March Madness or March for Gender Equality?
How the NCAA Dropped the Ball on Their Road to Redemption and Lessons Learned.
Gender inequities persist within the sports industry. These problems are not only visible at the collegiate level, they are also evident at the professional and even Olympic levels within sports. With the lack of representation on coaching staffs, lack of promotion for televised games, and staggeringly uneven pay gaps, women seem to consistently get the short end of the stick.
It’s important to address these socially constructed inequities, and to discuss them during one of the most male-dominated events of the year: March Madness.
The National Collegiate Athletic Association’s (NCAA) annual basketball tournament is quite controversial when placed under the microscope of a gender equality lens . Think about it: it wasn’t until just last year that the women’s collegiate basketball program was approved to use the iconic name — a name that originated in 1982. It took 41 years for the women’s program to finally associate itself with March Madness, but unfortunately, women’s collegiate basketball does not reap the same benefits as their male counterparts.
The stark double standard between men and women in sports was in full effect during the 2021 NCAA tournament.
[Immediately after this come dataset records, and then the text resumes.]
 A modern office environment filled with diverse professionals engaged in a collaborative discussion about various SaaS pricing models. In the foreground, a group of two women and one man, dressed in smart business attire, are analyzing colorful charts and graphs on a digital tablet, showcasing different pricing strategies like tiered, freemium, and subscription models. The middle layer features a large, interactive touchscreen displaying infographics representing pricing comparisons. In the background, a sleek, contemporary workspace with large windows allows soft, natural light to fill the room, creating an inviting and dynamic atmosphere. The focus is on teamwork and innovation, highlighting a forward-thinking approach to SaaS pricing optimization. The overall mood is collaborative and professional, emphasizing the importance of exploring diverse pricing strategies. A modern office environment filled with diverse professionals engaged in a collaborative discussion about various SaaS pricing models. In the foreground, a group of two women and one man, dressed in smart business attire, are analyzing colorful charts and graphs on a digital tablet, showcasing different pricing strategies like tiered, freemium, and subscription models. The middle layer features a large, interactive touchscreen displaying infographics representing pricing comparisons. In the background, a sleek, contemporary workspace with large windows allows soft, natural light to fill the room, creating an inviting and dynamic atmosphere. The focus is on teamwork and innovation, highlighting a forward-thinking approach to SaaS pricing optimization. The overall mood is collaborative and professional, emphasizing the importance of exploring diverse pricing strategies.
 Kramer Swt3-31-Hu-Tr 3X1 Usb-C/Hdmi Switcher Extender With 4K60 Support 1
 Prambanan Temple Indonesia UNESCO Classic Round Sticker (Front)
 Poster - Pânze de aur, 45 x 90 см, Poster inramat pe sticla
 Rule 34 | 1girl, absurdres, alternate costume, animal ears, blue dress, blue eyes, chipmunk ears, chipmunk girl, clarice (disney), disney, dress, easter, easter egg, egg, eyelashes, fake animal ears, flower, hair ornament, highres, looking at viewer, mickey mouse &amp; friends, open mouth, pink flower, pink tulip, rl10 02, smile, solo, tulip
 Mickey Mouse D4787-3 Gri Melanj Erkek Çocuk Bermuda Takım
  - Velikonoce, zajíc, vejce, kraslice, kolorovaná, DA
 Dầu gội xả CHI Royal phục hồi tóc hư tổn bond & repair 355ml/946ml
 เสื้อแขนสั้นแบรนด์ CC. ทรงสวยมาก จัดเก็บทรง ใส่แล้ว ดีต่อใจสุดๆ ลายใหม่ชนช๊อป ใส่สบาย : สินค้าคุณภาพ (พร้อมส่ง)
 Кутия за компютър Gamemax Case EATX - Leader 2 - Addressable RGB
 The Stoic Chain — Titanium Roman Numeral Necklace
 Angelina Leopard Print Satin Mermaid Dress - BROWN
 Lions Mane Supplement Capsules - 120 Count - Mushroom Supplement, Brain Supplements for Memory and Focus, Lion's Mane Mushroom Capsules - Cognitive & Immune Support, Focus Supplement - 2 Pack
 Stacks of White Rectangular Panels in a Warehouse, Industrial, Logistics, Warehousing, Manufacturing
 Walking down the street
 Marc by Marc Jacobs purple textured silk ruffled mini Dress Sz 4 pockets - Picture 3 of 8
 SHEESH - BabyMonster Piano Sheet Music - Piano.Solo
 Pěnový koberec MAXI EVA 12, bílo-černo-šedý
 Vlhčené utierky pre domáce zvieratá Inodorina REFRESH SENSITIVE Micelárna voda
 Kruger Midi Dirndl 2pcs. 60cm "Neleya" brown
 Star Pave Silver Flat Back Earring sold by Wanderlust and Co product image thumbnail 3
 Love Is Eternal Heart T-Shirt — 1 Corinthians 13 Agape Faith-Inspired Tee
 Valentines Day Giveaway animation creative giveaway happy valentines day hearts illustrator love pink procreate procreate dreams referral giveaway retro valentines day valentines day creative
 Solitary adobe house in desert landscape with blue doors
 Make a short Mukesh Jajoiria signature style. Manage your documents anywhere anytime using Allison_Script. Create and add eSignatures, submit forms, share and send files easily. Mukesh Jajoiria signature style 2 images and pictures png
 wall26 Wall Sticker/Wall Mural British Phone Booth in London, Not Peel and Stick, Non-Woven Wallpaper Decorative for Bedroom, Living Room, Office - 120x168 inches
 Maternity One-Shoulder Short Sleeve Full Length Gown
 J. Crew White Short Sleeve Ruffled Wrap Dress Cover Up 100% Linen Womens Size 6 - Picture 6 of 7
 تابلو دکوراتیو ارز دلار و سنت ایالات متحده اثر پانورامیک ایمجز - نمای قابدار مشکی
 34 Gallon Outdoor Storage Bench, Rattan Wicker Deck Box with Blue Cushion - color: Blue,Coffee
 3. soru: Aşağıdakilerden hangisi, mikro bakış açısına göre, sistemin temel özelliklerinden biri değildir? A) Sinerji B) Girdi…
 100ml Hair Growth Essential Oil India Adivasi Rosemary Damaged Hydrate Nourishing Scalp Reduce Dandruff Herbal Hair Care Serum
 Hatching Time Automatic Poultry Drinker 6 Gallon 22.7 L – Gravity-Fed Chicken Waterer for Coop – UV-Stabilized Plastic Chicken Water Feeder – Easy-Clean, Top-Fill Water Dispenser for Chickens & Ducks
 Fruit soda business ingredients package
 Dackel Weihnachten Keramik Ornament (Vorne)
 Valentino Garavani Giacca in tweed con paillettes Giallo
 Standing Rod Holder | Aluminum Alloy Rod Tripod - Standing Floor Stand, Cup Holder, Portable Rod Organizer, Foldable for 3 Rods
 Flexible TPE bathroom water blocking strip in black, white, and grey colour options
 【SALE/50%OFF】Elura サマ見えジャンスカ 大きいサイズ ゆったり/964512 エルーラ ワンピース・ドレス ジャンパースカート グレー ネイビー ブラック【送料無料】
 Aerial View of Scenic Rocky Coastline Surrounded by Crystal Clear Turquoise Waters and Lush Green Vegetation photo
Athletes showcased disparities by comparing the training facilities both groups were equipped with. Using social media as their weapon of choice, athletes competing in the women’s tournament documented the vast differences in the quality and quantity of equipment in their training facility. One of the videos showed an expansive room with top-notch equipment for the men’s program, while the women’s program was forced to make use of yoga mats and one small rack of dumbbells.
Spectators around the world were outraged when the images came to light, forcing a response from the NCAA. In its reaction, the NCAA claimed that the issue stemmed from lack of space. However, that statement was quickly discredited when a student-athlete posted a TikTok highlighting a surplus of space that was not being purposed. When the athletes of the women’s program arrived at the practice facility the next day, they were greeted with a weight room that nearly mirrored that of the men’s training center. Although it was apparently done to “save face,” the act provoked the question of, “Why weren’t both groups provided with the same training equipment in the first place?”
Unfortunately, the disparities continued to pre- and post-practice meals where, once again, athletes took to social media to highlight the apparent difference in treatment. The women’s program was given pre-packaged microwave meals, while the men’s program was catered steak dinner buffets.
While these issues left fans with a negative perception of the tournament, the fallout in 2021 resulted in positive changes made for this year. The women’s program was greeted with identical resources to that of the men’s program – from the gift boxes to the student-athlete lounge.
Recognizing that the work is far from done, the NCAA is taking strides on closing the gender gap not only within March Madness, but within all varsity sports. The NCAA hired a law firm to do a full internal review of their policies and flag any injustices. This review brought forth a panel to discuss student-athlete concerns, increased staff with expertise on gender equity, and also increased equity in employment within Division I athletics. Former NCAA President Mark Emmert addressed these changes, stating, “We have said it before — our work is not finished. Gender equity must remain a priority for leaders throughout college sports and we look forward to continuing to support these efforts moving forward.”
March Madness is set to bring in from TV deals with CBS and Turner Sports, should the NCAA deliver every game – this is not including any marketing efforts that sports and lifestyle brands are banking on through paid partnerships with influencers and athletes. That’s why it’s important to acknowledge and understand that while we witnessed such disparities within one of the top collegiate sports events, women experience inequity and are underrepresented across the sports industry as a whole.
While March Madness takes place during arguably one of the only months that women get as much spotlight as men, we challenge marketers to not only celebrate women during this month, but to assess within and take intentional action to increase Diversity, Equity and Inclusion efforts within sports. Many women within the sports realm are already using their platforms to combat these injustices. For example, Venus Williams continues to lead the charge for equal prize money at tennis tournaments. Megan Rapinoe and the U.S. Women’s National Soccer Team sued the U.S. Soccer Federation for equal pay and gender discrimination. And Nneka Ogwumike, WNBA player for the Los Angeles Sparks and president of the league’s players’ association, wrote a plea to the league for better resources, more investment in the league, and bigger paychecks. All these examples forced those in charge to reevaluate their processes.
Take this Women’s History Month as a time to celebrate the progress that has been made but also reflect on the role that communicators and marketers can play in raising awareness and promoting accountability towards gender equity across all industries.